**Exercise details:**
Which lines of the records contain "Christmas"? Collect every one of them.
─── Data supplied
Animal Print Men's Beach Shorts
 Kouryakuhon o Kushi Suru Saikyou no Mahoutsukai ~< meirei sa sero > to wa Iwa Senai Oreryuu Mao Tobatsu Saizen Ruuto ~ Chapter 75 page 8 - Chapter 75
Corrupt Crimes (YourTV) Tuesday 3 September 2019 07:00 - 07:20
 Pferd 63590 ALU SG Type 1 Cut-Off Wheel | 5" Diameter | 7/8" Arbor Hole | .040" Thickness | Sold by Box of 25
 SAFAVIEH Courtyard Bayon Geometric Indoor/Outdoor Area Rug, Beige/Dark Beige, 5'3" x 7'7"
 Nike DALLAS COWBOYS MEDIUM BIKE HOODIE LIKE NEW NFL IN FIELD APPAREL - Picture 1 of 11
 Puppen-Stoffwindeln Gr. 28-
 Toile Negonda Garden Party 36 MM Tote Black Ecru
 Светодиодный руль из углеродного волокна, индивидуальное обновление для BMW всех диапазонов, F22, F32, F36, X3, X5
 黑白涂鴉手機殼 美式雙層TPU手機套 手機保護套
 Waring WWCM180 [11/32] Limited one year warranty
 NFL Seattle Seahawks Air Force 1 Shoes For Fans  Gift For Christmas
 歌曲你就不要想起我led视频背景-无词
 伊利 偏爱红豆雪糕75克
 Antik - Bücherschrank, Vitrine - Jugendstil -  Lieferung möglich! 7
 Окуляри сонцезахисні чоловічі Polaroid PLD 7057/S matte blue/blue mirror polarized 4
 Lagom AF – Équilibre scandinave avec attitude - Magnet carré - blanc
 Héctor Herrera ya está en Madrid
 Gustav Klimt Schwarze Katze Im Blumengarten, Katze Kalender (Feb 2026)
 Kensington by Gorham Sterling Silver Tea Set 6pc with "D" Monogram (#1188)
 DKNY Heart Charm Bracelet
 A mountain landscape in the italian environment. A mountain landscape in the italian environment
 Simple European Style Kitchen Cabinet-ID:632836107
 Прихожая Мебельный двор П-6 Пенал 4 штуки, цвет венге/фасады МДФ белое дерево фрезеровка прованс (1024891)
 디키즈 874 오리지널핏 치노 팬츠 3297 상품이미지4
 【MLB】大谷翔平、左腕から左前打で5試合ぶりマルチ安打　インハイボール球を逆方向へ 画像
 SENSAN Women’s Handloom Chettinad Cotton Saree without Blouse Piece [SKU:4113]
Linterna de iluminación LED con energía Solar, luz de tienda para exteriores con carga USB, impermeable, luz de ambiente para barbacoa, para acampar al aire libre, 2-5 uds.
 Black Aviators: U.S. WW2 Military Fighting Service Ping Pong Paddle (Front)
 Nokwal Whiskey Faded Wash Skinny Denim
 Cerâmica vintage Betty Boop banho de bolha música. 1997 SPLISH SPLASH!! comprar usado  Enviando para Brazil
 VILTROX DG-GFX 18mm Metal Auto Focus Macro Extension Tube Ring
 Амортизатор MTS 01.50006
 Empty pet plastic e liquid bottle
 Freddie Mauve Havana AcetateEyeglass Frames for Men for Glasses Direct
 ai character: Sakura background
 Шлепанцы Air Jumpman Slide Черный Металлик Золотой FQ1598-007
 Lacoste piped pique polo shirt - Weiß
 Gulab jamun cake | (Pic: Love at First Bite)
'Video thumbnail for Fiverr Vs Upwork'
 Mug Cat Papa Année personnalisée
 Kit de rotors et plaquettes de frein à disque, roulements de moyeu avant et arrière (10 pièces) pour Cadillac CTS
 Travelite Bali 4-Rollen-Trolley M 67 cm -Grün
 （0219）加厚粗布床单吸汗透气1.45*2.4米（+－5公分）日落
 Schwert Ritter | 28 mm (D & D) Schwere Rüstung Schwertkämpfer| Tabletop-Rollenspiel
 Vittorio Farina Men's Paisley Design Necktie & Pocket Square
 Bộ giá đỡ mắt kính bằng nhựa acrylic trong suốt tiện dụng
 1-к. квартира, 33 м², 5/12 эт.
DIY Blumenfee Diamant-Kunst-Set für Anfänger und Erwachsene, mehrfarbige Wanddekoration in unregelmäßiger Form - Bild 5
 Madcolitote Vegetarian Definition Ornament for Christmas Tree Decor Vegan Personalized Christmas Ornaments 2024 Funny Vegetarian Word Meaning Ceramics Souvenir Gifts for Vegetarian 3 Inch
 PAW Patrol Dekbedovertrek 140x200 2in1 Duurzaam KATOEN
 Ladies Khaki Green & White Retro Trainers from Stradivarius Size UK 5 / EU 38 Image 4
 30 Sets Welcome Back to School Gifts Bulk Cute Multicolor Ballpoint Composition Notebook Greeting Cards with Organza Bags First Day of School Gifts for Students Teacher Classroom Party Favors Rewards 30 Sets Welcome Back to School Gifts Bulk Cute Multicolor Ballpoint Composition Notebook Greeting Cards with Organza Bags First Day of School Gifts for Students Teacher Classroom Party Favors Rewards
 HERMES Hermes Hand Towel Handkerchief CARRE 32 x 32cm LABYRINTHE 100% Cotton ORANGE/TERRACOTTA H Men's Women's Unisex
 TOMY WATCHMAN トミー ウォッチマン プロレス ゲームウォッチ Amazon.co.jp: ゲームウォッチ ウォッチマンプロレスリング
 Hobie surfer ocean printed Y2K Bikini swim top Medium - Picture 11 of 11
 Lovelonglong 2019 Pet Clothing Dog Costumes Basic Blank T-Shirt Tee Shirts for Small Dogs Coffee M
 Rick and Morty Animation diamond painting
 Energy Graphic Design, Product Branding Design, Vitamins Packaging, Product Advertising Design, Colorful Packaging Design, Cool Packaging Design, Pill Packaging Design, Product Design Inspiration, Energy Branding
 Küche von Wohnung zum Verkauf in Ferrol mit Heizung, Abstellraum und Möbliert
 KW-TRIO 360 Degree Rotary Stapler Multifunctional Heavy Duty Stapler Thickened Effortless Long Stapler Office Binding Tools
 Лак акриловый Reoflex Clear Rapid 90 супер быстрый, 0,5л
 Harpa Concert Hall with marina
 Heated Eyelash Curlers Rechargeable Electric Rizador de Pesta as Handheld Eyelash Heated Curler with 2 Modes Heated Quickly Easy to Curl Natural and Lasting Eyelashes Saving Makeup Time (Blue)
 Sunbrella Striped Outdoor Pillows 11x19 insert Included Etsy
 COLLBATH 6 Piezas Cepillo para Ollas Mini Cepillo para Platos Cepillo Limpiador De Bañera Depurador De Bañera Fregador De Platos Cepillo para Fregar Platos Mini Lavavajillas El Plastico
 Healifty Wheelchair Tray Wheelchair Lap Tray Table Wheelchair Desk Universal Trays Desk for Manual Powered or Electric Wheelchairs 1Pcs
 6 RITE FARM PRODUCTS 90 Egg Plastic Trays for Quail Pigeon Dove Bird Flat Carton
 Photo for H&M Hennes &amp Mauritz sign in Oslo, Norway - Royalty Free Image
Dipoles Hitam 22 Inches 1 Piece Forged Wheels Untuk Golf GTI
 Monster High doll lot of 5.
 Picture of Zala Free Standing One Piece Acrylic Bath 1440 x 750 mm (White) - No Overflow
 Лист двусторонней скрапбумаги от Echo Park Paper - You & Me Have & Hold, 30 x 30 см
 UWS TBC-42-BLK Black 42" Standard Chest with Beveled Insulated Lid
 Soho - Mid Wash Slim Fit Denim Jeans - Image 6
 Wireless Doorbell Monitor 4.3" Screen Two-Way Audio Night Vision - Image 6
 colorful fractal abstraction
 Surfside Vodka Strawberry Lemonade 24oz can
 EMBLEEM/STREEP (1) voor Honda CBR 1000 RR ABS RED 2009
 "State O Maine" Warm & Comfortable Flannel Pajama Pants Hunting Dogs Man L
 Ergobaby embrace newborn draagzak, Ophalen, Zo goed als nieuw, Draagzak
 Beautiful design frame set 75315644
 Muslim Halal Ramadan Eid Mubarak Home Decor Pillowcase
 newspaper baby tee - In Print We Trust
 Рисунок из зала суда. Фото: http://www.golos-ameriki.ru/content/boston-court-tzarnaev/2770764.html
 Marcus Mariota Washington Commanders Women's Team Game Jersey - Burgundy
──────
**Answer to the problem:**
 NFL Seattle Seahawks Air Force 1 Shoes For Fans  Gift For Christmas
 Madcolitote Vegetarian Definition Ornament for Christmas Tree Decor Vegan Personalized Christmas Ornaments 2024 Funny Vegetarian Word Meaning Ceramics Souvenir Gifts for Vegetarian 3 Inch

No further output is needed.